Un gala comme celui qui a eu lieu hier au Palais des Congrès, il n'y en a pas souvent à Paris. Le public n'était d'ailleurs pas là par hasard : Wayne McGregor, une bonne partie du corps de ballet de l'Opéra de Paris (mais peu d'étoiles si je ne m'abuse), des Petits Rats, des habitué-e-s de Garnier... et une foultitude de blogueuses qui n'auraient raté ça pour rien au monde. 

Il y a eu des petits bas lors de ce gala. Des pas de deux assez moyens, 45 minutes d'attente au début sans explication, un programme hasardeux (des danseurs et pianistes pas indiqué-e-s, tiens, Merkuriev est au Mariinsky maintenant ?), deux parties déséquilibrées et un tout un peu long (fini à minuit, certain-e-s ont dû courir pour choper leur RER). Mais il y a eu aussi beaucoup de très beaux moments, qui ont éclipsé ces ratés.

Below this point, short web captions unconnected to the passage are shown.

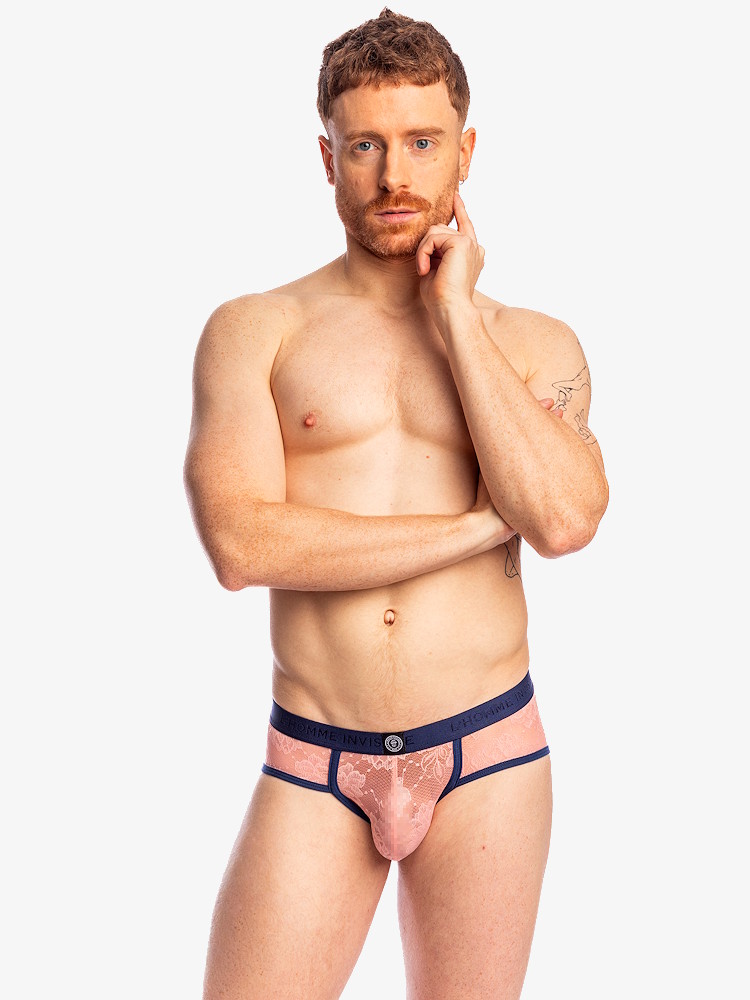 Lhomme Invisible Erevan Push Up Brief UW06 ERV 008S Pink 4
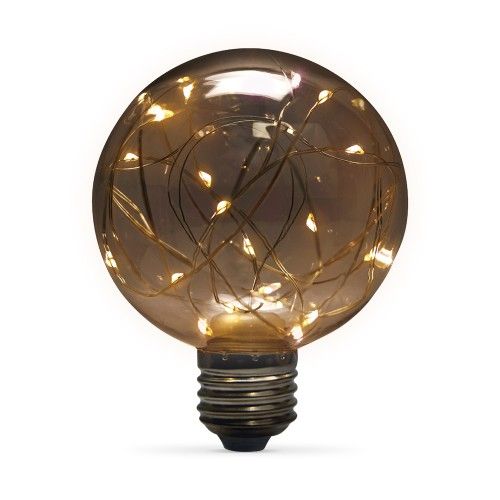 Лампа светодиодная 1W E27 2700K Feron LB-381 G80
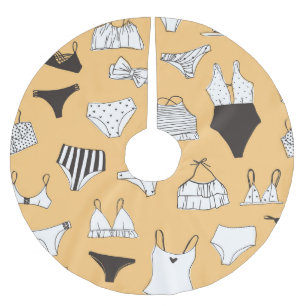 Jupon De Sapin En Polyester Brossé Bikini tropical : Motif d'été à main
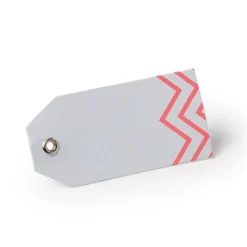 12 Étiquettes Chevron - Corail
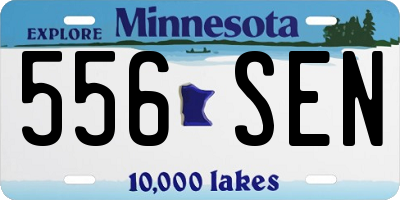 MN license plate 556SEN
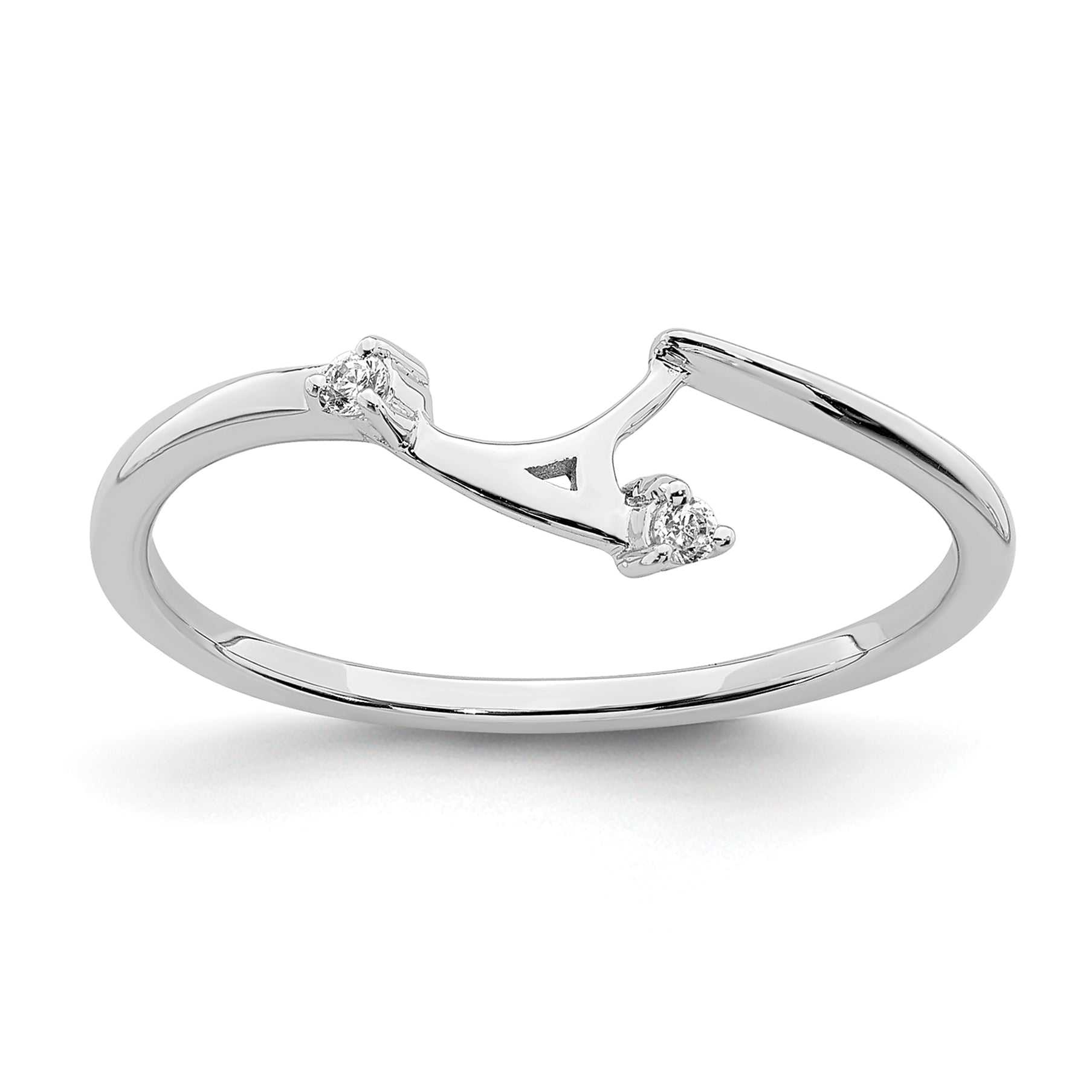 14K White Gold Lab Grown Diamond VS/SI+ G+  Fitted Band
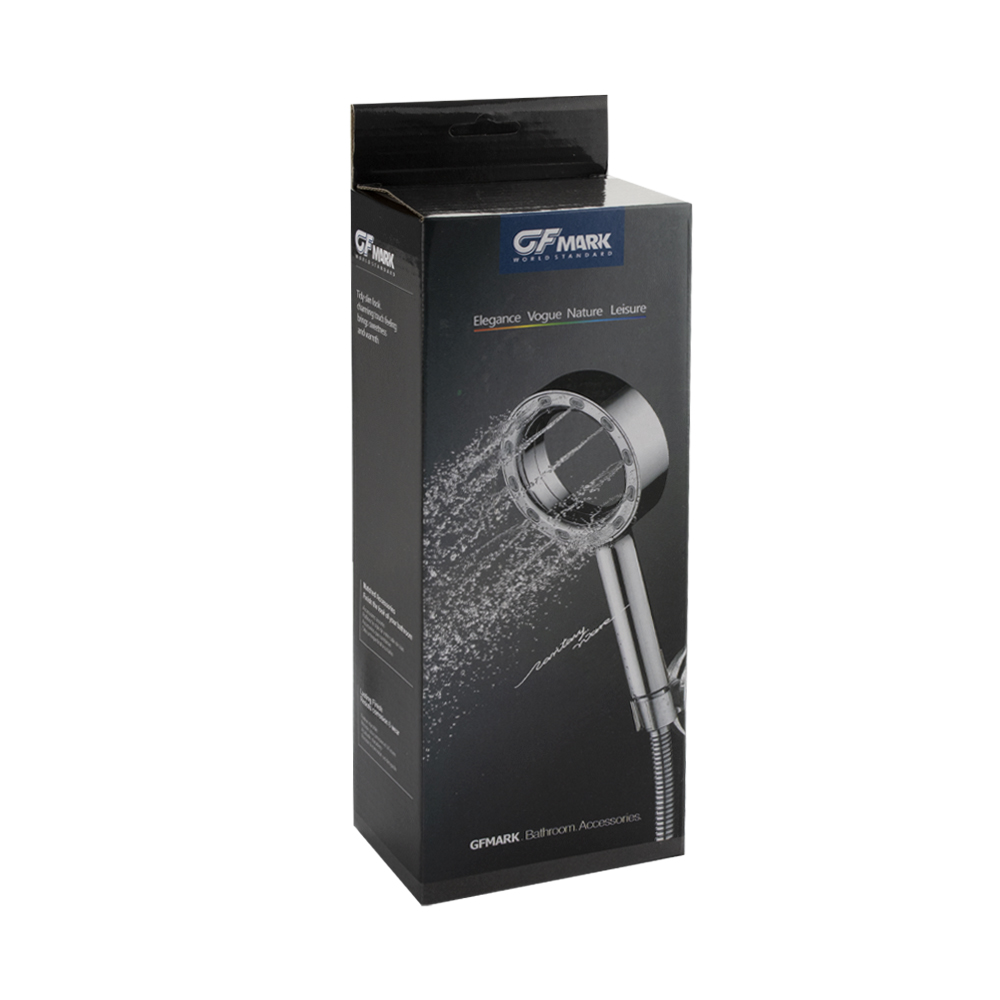 GFmark - Лейка круглая 3Д, душевая, массажная, 2 режима, код: 6048  - Вид №1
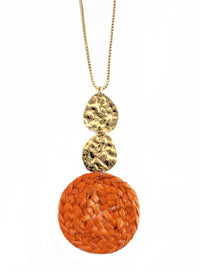 Angela palm necklace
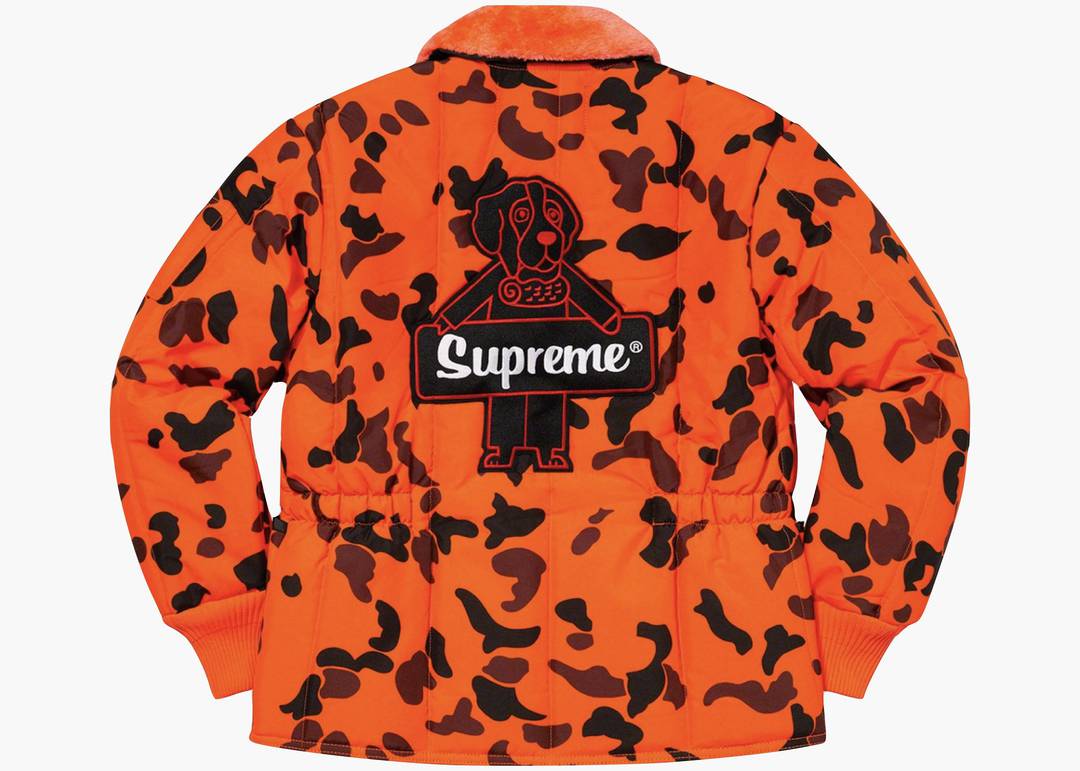 Supreme Canvas Clip Jacket Tan Camo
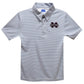 YOUTH - Mississippi State Bulldogs Gray Stripes Polo Shirt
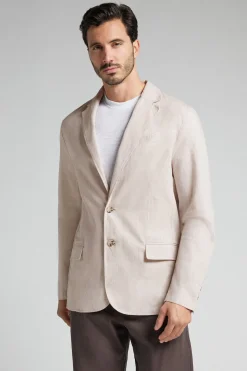 Cotton and Linen Canvas Jacket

Le gala débute par quelques images du Japon et des villes rasées par la catastrophe, rappelant au public pourquoi il était là. 

Suites de Danses de Clustine ; L'Ecole de Danse de l'Opéra de Paris

Bon, est-ce bien utile d'y aller de son petit commentaire à un mois du concours ? Je sens déjà les réponses enflammées. Pourtant, ils-elles ont bien assuré, ces grands Petits Rats. Débuter un tel spectacle n'avait rien d'évident, surtout avec cette chorégraphie, très technique, très "école française", mais pas forcément très fun. Il y a eu des sourires crispés, mais globalement beaucoup d'assurance et d'envie de bien faire. On sentait les six danseur-se-s déjà pro, et on les voit sans problème l'année prochaine dans le corps de ballet. 

Caroline Osmont et Clothilde Tran-Phat ont été fidèles à elle-même, donc très bien, même si je trouve que ce style n'est pas ce qui va le mieux à la seconde. Belle découverte d'Alizée Sicre, que je découvrais en soliste. Encore une fois, j'ai eu l'impression que le ballet mettait surtout en avant les filles, et que les garçons se contentaient un peu des portés. Mais les trois (Germain Louvet, Jérémy Loup-Quer et Mathieu Contat) s'en sont tous les trois très bien tirés, avec une petite préférence pour le dernier pour son naturel et une certaine musicalité.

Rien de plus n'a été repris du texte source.